We treat every call like it is a dire emergency and drive every vehicle like life, death, and property depend on saving every second possible.

Realistically, this is not the case. Every call is not a dire emergency.

Many fire departments have adopted modified response policies that allow for non-emergency rate responses to certain calls, such as odor investigations, automatic fire alarms and similar calls.

These departments have shown dramatic improvement in apparatus accident rates with little or no adverse impact to the public they serve. Simply stated, more people are NOT dying and more buildings are NOT burning down because they turned off their lights and sirens and drove at normal rates to select calls.

As well, we must recognize that even on true emergency calls, such as a structure fire, every fire department vehicle that is responding to the incident does not necessarily have to drive at emergency rate driving conditions with lights and sirens sounding. It can certainly be argued that tankers fall in the category of vehicles that may not need to respond to most calls using lights, sirens, and emergency driving tactics.

There is one exception. Pumper/tankers used as attack apparatus are likely to be among the first apparatus to arrive at a scene and begin firefighting operations, and can be justifiably operated under emergency response conditions. The operator, however, must remember the vehicle’s size and make sure to drive appropriately.

Tankers Are Supporters

Tankers, not used for attack, most often fall into the support vehicle category. Their mission is to provide support to the primary attack vehicles.

There is no argument that initial response attack vehicles must arrive on the scene as expediently, and as safely as possible to maximize the saving of lives and/or property.

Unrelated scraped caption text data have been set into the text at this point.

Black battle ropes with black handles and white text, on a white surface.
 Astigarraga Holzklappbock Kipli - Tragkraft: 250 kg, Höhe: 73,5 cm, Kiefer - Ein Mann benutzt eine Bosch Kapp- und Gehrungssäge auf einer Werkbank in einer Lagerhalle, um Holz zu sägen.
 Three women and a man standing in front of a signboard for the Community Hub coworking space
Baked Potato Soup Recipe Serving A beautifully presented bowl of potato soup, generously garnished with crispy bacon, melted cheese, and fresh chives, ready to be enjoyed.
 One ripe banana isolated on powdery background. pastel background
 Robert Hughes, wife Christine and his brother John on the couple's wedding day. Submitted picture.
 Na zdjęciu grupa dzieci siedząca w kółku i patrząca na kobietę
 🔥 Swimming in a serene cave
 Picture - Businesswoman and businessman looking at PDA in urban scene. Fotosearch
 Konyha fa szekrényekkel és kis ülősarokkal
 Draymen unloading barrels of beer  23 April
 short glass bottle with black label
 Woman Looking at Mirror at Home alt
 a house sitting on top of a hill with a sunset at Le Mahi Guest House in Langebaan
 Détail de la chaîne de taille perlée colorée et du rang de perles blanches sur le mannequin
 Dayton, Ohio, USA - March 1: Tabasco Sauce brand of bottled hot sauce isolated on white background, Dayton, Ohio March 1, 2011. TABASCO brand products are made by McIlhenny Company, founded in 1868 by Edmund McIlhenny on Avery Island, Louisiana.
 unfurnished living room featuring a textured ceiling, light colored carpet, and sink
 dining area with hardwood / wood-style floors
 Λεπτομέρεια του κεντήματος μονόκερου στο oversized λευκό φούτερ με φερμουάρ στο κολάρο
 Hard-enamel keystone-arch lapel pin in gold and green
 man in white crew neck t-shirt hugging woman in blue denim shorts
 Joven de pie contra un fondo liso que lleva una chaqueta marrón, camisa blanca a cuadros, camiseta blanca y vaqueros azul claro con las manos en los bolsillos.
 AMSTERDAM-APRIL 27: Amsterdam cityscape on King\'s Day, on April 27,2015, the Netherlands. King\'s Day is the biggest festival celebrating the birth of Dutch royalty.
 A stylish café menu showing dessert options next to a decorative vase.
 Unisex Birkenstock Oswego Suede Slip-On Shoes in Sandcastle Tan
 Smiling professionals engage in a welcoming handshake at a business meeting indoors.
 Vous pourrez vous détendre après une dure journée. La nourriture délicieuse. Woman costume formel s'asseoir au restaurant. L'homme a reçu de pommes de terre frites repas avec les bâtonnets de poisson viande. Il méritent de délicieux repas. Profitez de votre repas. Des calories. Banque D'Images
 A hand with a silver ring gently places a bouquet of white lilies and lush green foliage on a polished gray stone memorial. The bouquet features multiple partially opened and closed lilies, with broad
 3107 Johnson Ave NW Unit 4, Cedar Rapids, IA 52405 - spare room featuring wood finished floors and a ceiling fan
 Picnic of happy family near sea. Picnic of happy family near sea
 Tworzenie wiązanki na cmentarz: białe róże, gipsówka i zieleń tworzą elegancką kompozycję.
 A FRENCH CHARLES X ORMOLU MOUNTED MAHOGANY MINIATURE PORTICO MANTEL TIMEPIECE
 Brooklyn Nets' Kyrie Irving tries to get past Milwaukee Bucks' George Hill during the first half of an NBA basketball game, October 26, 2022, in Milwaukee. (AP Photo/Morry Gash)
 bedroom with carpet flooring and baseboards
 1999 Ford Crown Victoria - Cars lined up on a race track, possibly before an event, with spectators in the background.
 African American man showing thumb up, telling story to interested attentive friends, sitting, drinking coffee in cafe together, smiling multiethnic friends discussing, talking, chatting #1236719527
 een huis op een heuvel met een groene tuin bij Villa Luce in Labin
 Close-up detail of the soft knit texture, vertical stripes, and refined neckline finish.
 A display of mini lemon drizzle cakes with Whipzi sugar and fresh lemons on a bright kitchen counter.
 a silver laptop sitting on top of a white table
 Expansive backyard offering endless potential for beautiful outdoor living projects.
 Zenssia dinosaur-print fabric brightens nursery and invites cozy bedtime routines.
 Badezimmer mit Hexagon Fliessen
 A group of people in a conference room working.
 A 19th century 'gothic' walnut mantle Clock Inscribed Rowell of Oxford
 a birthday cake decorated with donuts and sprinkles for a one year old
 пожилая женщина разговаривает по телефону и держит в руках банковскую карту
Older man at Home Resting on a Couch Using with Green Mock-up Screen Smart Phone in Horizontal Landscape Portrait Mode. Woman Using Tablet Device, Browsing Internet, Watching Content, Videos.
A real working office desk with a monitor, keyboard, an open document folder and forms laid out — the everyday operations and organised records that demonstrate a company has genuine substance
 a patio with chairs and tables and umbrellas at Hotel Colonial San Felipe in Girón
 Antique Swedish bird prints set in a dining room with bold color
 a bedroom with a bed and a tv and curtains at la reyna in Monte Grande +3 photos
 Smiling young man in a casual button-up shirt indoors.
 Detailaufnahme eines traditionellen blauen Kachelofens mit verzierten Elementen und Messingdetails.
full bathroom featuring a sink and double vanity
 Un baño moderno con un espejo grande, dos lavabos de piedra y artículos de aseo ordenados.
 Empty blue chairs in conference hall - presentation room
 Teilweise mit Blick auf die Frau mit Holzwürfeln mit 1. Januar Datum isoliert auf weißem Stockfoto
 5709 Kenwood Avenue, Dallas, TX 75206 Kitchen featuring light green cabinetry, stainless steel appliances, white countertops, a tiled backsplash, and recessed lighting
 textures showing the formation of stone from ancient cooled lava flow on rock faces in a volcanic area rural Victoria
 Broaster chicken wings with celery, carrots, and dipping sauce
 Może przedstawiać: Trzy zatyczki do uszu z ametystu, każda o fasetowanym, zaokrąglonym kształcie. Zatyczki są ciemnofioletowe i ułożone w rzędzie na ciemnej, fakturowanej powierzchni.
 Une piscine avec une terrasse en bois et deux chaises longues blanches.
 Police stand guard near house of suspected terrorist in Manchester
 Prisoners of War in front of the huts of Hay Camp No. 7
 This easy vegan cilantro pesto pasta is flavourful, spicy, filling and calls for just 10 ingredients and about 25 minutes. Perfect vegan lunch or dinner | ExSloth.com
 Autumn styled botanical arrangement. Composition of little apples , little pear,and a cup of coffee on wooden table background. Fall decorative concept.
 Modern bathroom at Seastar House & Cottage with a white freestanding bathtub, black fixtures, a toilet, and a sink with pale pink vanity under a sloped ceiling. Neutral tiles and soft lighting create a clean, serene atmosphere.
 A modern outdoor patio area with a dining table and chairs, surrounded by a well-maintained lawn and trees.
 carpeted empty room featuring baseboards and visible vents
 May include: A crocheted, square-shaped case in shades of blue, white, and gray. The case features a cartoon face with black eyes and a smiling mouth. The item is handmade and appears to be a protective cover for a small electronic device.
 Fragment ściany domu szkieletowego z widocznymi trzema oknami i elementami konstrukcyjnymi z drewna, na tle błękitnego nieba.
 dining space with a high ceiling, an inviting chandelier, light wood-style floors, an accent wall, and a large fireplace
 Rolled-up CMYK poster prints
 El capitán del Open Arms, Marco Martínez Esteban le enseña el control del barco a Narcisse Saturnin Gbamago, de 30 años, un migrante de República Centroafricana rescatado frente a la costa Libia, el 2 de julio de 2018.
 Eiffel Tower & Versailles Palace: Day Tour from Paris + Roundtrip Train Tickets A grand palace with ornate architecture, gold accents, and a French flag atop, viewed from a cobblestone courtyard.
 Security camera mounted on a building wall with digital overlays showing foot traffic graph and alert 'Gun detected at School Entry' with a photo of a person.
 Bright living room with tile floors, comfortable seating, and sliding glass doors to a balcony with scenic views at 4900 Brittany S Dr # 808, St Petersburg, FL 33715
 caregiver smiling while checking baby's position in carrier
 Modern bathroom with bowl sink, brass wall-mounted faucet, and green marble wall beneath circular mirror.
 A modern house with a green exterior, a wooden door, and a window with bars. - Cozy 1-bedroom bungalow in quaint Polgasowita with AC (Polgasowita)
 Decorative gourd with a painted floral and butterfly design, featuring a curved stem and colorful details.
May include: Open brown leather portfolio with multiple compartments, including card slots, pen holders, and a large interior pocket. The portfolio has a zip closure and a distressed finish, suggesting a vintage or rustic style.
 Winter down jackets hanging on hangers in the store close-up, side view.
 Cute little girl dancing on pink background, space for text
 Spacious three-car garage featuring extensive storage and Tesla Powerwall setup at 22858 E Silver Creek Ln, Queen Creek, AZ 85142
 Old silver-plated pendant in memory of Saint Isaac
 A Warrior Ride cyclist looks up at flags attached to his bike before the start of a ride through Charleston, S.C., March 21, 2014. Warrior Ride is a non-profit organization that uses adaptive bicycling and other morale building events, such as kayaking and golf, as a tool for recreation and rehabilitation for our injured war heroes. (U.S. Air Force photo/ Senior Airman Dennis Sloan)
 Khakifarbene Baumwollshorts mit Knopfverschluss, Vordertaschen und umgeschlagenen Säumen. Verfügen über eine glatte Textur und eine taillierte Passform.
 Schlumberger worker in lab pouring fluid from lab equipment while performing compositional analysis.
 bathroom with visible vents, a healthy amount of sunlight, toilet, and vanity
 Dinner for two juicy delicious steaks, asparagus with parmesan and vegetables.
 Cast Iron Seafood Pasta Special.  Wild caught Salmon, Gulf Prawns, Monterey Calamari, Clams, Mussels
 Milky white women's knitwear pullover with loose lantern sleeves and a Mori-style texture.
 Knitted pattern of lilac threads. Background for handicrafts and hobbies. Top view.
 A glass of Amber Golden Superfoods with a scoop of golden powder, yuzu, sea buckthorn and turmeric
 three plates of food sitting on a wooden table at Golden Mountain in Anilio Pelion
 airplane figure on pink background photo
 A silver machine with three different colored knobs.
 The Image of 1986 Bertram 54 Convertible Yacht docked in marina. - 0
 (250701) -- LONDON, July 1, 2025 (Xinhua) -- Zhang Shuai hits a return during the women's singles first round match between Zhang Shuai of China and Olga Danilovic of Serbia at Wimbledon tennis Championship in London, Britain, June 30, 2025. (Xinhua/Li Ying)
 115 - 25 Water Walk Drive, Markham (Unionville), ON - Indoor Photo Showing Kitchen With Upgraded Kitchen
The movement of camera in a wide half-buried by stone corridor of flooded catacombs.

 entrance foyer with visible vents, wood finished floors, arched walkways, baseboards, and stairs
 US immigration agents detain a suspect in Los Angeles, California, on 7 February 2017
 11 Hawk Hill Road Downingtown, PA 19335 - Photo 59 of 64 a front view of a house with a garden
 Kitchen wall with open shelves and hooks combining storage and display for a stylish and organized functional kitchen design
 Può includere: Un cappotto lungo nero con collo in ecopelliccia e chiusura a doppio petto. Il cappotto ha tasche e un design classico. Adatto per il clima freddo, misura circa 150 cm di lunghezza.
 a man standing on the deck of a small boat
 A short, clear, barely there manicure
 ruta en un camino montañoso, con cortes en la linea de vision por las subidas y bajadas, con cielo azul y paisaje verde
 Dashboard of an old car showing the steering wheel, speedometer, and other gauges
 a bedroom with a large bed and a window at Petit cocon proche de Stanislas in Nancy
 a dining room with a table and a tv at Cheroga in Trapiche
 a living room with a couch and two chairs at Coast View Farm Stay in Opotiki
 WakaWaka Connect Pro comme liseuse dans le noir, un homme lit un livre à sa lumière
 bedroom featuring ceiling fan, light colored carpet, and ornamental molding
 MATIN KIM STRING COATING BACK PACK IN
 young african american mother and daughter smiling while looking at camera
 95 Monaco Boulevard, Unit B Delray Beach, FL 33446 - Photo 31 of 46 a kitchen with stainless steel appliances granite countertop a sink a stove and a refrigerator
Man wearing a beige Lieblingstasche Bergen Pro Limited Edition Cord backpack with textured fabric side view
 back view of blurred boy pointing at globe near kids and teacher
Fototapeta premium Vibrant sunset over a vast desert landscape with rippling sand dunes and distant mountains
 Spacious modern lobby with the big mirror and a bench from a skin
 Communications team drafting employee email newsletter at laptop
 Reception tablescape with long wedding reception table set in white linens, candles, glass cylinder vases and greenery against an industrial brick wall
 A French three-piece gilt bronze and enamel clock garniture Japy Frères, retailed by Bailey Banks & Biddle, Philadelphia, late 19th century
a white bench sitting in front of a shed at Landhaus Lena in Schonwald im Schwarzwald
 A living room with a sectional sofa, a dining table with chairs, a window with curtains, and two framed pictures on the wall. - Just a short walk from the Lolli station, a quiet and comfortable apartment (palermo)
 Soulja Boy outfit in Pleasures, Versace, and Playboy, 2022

Realistically, it will make little difference in the incident outcome if the “second wave” of vehicles (which is where tankers typically fall) that will support the initial attack vehicles, take an extra minute or two to arrive. Typically, the difference between operating at an emergency rate and following the normal traffic flow translates into one or two minutes of saved time.

No doubt, there are some traditionalists chomping at the bit, ready to send letters of dissent to the editor, arguing how important it is for tankers to save every second while getting to the scene.

Before firing up the computer, ask yourself this question – how many times has the water on board a water shuttle or nurse tanker made the difference between life and death? I am not talking about saving some property; I am talking about saving a fire victim’s life.

Most fire departments following risk management principles use the simple guidelines established by NFPA 1500, in International Fire Service Training Association manuals and other similar locations.

There are three simple guidelines and they are as follows: we will take significant or calculated risks to our lives to protect savable victims; we will take only inherent risks to protect savable property; and we will risk nothing to save lives or property that is already lost.

Take those principles and apply the risk management philosophy to driving tankers at an emergency rate, which is one of the deadliest activities performed by firefighters.

Water in the tankers, which are second, third, fourth, or later, will not save lives.

If the first arriving attack companies haven’t saved the lives pretty quickly upon arrival, the tanker water will not make a difference in life safety.

Avoid Risks

Accordingly, there is no reason to take significant risk in driving the tanker, and given the fact that tankers are the most deadliest fire apparatus in the US fire fleet, there is no reason to drive it at an emergency rate, especially if it isn’t going to save lives.

On some incidents, the tanker may make a difference regarding property. The risk management model, however, dictates that only inherent risks will be taken to protect savable property. Simply driving the tanker down the street at a normal rate is taking the inherent risks. Upgrading to a Code 3 response is more than an inherent risk. If following the risk management model, there is no reason to operate a water shuttle or nurse tanker at an emergency rate when responding to incidents.

Yellow Warning Lights

An interesting trend has developed in many departments. They’re coming to the conclusion that given their new policies, traditional warning lights and sirens on tankers are unnecessary.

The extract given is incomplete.